Gerry Mullins

No. 72
- Position: Guard

Personal information
- Born: August 14, 1949 (age 76) Fullerton, California, U.S.
- Listed height: 6 ft 3 in (1.91 m)
- Listed weight: 244 lb (111 kg)

Career information
- High school: Anaheim (Anaheim, California)
- College: USC
- NFL draft: 1971: 4th round, 86th overall pick

Career history
- Pittsburgh Steelers (1971–1979);

Awards and highlights
- 4× Super Bowl champion (IX, X, XIII, XIV); Pittsburgh Steelers 50th Anniversary Team; Pittsburgh Steelers Hall of Honor;

Career NFL statistics
- Games played: 124
- Games started: 87
- Fumble recoveries: 7
- Receptions: 2
- Receiving yards: 10
- Receiving touchdowns: 2
- Stats at Pro Football Reference

= Gerry Mullins =

American football player (born 1949)

Gerry Blaine Mullins (born August 14, 1949) is an American former professional football player who was a guard for nine seasons for the Pittsburgh Steelers of the National Football League (NFL).
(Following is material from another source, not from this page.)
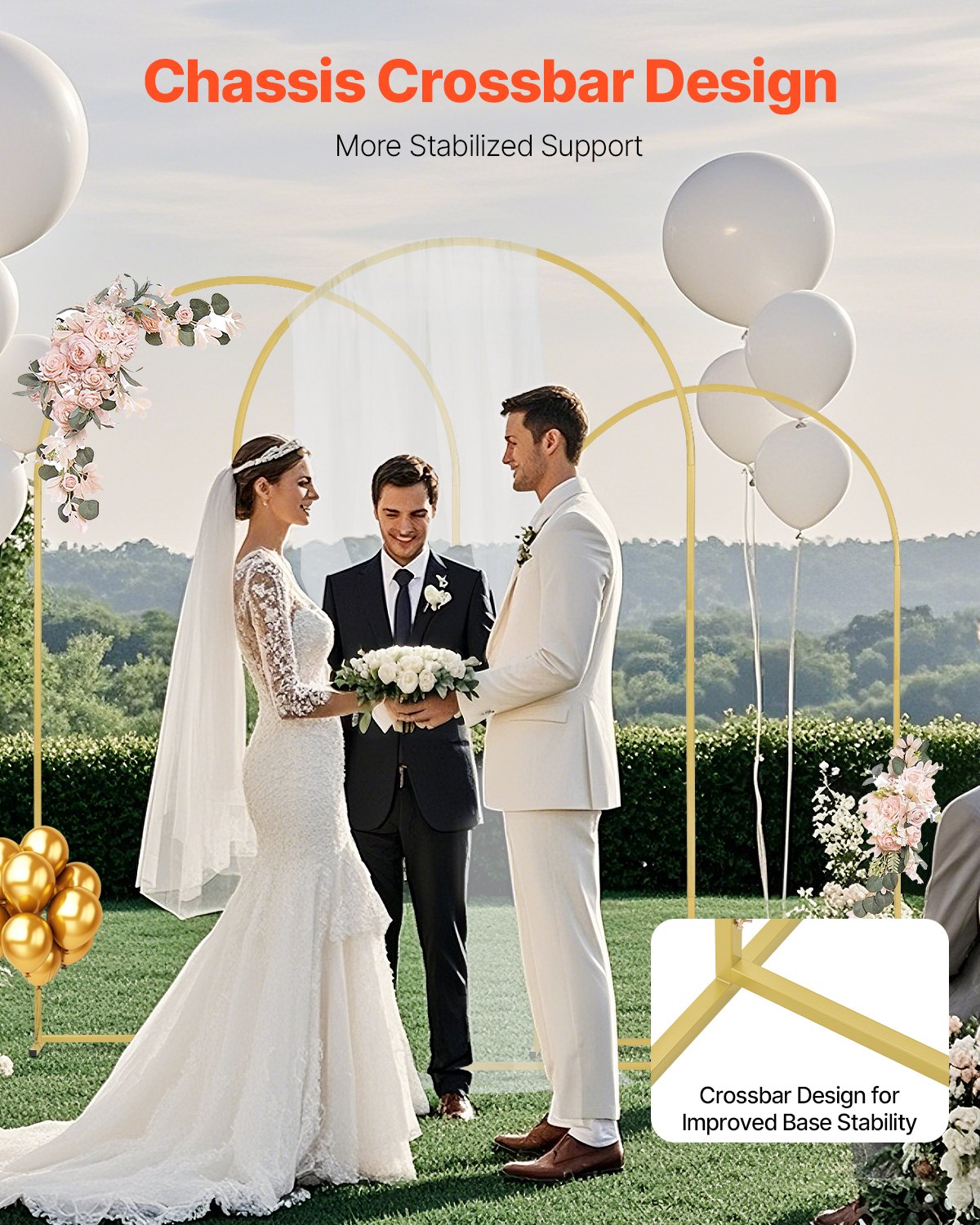 Elegant Gold Wedding Arch Backdrop Stand Set of 3 - Easy-to-Assemble Metal Frame for Celebrations, Birthdays, Holidays, and Events Decor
He played college football for the USC Trojans.

Mullins was considered "undersized" in his day, but became known for his agility and versatility, and played as both guard and tackle.

==Early life and college==
Gerry Blaine Mullins was raised in Anaheim, California where he began his football career at Fremont Junior High School, and was mentored at Anaheim High School by head football coach Clare Van Hoorebeke (1950–1972). Playing tight end, defensive end, and fullback, Mullins was a senior captain for the Colonists, who went 12-1 and finished as CIF-Southern Section 4-A Division finalists. At Anaheim, Mullins was a teammate and classmate of Jim Fassel, one of the team's quarterbacks. After graduating from AHS in 1967, Mullins played for head coach John McKay at the University of Southern California. After spending his first varsity season as a backup offensive tackle, Mullins shifted to tight end and earned the starting role that season, catching nine passes for 122 yards. His career best game came against Stanford, when he recorded five receptions for 84 yards, including a 19-yard TD pass from quarterback Jimmy Jones to help the Trojans beat the Indians 26–24. Mullins started in USC's 10–3 win over Michigan in the 1970 Rose Bowl as the Trojans finished a 10-0-1 season. As a senior in 1970, Mullins caught six passes for 89 yards as USC fell to a record of 6–4–1.

==Professional career==

Selected in the fourth round (86th overall) of the 1971 NFL draft, Mullins mostly played right offensive guard for the Pittsburgh Steelers for his entire professional career (1971–1979), next to All-Pro centers Ray Mansfield (1971–1975) and Mike Webster (1976–1979). Known as "Moon," Mullins went on to start for all four world championship teams with the Steelers (Super Bowls IX, X, XIII, and XIV) during the 1970s. Mullins is remembered for a play in Super Bowl IX when he pulled on a sweep leaving an uncontested path for Franco Harris to trot in the end zone. Mullins also recovered an onside kick in Super Bowl X and recovered a fumble for a touchdown during the 1972 AFC Championship Game against the Miami Dolphins. Mullins' last game as a professional football player was Pittsburgh's victory in Super Bowl XIV. Prior to the 1980 season, he was waived during training camp and after declining offers to continue his career with the Cleveland Browns and Houston Oilers, Mullins retired. One of nine Steelers players to start in all four Super Bowl victories, Mullins was the first to leave the franchise.

Along with other players for the Steelers, Mullins also had a brief film career with a cameo appearance in The Rocky Bleier Story for MTM Enterprises.

== Life after football ==
Mullins lived in the Saxonburg area of Butler County, Pennsylvania. He became owner and president of Industrial Metals and Minerals in Bridgeville, Pennsylvania.